My friends and family maybe want to know why I kept fucking up time and time again this past year. And why, now that it’s over I can’t go back to being my old self. You see, my old self has been changed. I’m never going to be the same. My old self is gone.
I sat here this evening looking through a years worth of documentation. Ten notebooks of garbage and evidence to the madness that occurred over the past year of my life. Not on purpose mind you. I was merely looking for lost or “vanished” passwords to get into some accounts. The harassment, the bullying, the threatening, the control. People knowing things about me that nobody should know, and the taunting and teasing about them toward me, or TO me. Knowing personal things about me. Teasing me about them. Making me do such insane stuff on promises that were never fulfilled. Stripping down for a Facebook photo, putting me on a dating site. 5000 Nigerians following me and harassing me on Facebook. Thousands of disgusting pictures sent in my fb messenger. I could go on with the list of the year’s worth of antics, but I won’t. And, I will never get down to the bottom of it either. As far as who is responsible. Who did this to me? Why was I so deserving of a years worth of hell? I almost killed myself on three occasions. Oh, I know, because I humiliated a man of pride and ego. Probably a few men, it seems. Because and But.... I don’t think any of them realized they had been having sex with a 7-year-old, every time they were having sex with me.

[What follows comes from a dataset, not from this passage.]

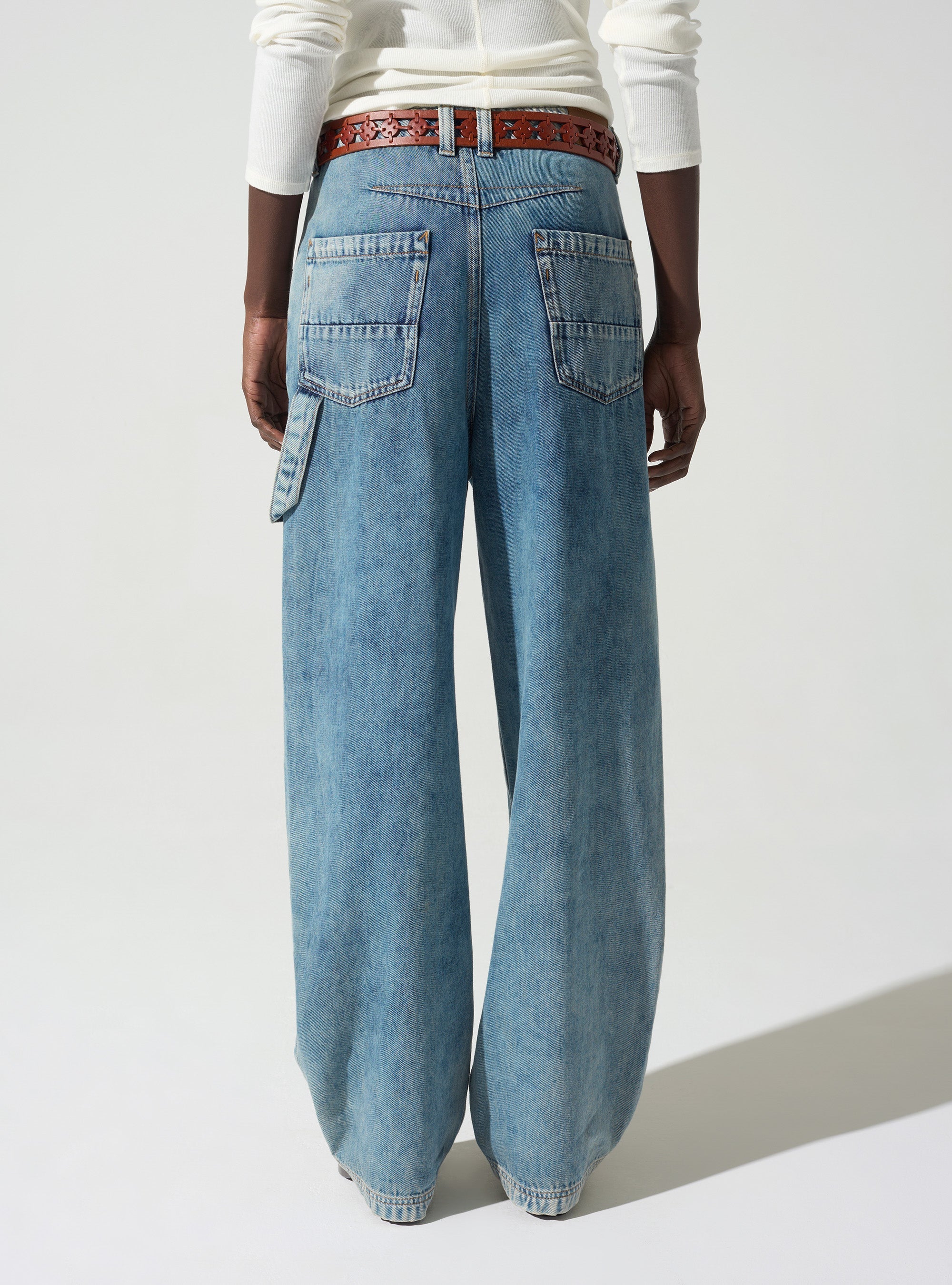 Barrel-leg jeans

Here is where my mind stops. The circus is gone again. But this time the circus is disappointed in me. I’m not sure what I’ve done wrong, but it seems no matter what I do it’s not good enough. They want me to tough out life alone. Without the help of anybody. But I don’t see how that option works. I haven’t gotten any better thus far. So, I’m trying to do the next right thing. I’m staying with a friend so that I don’t end up dying from self neglect. Isn’t that meth’s intent after all? For me to die of self neglect? That’s why I can no longer allow these people or this person to isolate me. I’ve listened to that drug so far and look where it has gotten me. You’re looking at a person one foot in the gutter. Meaning, one foot from giving up. Please don’t read that literal.
I don’t know what it is you and your friends need from me. I know I made a mistake. I’ve apologized several times. I’ve gone through hell and back. I don’t know what more is wanted from me. I haven’t always been this dumb. Or not get a joke. But people really don’t take into consideration what he has done to me. Of course I take responsibility. I didn’t throw it out there, then just walk away. I owned it as soon as I threw it.
It’s me, I can’t deny, why I’ve been waiting so long.